La vida, la tuya y la mía (la de cualquiera) siempre nos sorprende con unos instantes en los que nuestra voluntad no es la que manda. Vienen a formar parte de nuestro ser sin avisar y para cumplir la labor de hacernos reflexionar de una forma especial. Es una reflexión que no hemos preparado sino que nos prepara a nosotros mismos para algo especial; quizás para un cambio de vida o para algo más simple, como puede ser el hacernos ver que podemos cometer algo que nos hará daño, un daño moral especialmente. Esos instantes son de gran valor.
Es frecuente que se valore a las personas por su actividad, tanto en lo que se refiere a su rendimiento como a la belleza de sus actos; la belleza de esa actividad tanto en lo que se refiere a lo material como a la de su calidad humana. Pero no se puede tener en cuenta –porque no es visible– ese sentimiento interior que llega en esos instantes de la vida en los que el alma se hace presente en el pensamiento humano de una forma muy especial y que cada persona sabe reconocerlos aunque pasen inadvertidos para otros; incluso para aquellas personas con las que se convive.
Es la forma más sublime del pensamiento humano que, en un instante, nos hace ver que algo debe cambiar en nuestra vida o tal vez reforzarse para que sea más eficaz. ¿Por qué se cambia rápidamente y de improviso algo que se está haciendo o pensando hacer? No es motivado por un razonamiento sino por una inspiración del alma que nos hace ver donde está el bien y que debemos caminar hacia él. Se podrá hacer caso o no a esa llamada del alma, pero siempre queda su señal y volveremos una y otra vez a pensar detenidamente en ello.

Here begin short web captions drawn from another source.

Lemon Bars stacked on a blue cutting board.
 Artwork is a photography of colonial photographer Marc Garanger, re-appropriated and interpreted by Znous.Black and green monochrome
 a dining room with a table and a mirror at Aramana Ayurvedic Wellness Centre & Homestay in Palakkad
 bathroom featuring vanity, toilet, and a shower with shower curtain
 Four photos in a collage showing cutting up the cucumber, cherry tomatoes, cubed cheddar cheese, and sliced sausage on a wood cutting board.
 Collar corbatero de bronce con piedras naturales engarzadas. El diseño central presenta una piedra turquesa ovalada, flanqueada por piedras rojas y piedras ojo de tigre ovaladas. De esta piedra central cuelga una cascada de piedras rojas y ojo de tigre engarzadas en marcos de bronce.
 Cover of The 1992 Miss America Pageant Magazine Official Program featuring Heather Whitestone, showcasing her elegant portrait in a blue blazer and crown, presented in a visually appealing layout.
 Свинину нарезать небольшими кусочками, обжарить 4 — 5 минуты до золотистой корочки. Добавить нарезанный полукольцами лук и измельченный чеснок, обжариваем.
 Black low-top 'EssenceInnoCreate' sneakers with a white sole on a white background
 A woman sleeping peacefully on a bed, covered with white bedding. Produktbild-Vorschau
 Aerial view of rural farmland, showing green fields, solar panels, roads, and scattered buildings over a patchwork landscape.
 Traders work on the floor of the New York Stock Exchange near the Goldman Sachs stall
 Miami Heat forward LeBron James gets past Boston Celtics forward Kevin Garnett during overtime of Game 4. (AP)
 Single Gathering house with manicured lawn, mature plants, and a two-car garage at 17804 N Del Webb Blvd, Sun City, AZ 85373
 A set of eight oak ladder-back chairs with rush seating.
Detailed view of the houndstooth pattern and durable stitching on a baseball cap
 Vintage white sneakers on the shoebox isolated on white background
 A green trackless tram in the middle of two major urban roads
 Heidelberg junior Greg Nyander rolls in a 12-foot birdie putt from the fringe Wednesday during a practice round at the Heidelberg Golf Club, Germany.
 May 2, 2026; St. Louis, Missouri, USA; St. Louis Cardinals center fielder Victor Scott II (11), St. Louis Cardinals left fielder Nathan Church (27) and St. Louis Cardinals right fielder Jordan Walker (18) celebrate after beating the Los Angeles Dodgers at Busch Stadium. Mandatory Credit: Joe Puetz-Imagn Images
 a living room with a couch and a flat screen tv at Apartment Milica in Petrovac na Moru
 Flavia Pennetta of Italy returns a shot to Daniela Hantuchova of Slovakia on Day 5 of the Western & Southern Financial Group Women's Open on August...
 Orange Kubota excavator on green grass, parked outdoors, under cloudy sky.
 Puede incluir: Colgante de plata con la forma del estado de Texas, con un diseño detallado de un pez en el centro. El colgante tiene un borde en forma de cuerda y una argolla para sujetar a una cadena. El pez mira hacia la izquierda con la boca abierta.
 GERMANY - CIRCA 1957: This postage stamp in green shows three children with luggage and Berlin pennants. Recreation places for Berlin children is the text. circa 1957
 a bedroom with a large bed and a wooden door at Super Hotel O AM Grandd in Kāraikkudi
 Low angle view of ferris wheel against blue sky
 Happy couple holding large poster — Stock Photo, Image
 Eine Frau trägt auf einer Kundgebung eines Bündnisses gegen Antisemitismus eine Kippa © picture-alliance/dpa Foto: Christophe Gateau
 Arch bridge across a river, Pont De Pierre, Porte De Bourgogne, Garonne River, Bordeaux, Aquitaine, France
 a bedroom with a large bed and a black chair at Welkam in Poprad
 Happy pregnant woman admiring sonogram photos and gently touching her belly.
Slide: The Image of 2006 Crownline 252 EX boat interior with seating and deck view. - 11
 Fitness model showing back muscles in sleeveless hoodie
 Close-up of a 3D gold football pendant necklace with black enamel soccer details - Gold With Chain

Todo ser humano, cualquiera que sea su forma de vida, tiene esa asistencia del alma que le hace ver lo que está bien o no. Por mucho que se hable de lo que se está haciendo o haya de hacerse; por mucho que sea el énfasis con el que se defiende una propuesta o una forma de acción, siempre aparecerá ese instante en el que la conciencia nos habla de sensatez y de amor. Esos instantes de la vida son de un valor fundamental y a veces no se les hace caso porque la mente humana gusta, también, del halago de la gente.
Esos instantes de tu vida –la de cualquier ser humano– tienen a veces un sabor amargo porque ponen de manifiesto algo que se está haciendo mal y que, incluso, ya ha hecho daño y puede hacerlo aún mayor. Cuando éste sea el caso la respuesta debe ser cambiar lo que se hace mal. Esta reacción no es fácil pero sí es justa y necesaria. Reconocer el error significa grandeza de ánimo y amor a la verdad. Esos instantes de tu vida –de cualquiera– son sumamente valiosos para el bienestar personal y para el de la Humanidad. ¡Atiéndelos !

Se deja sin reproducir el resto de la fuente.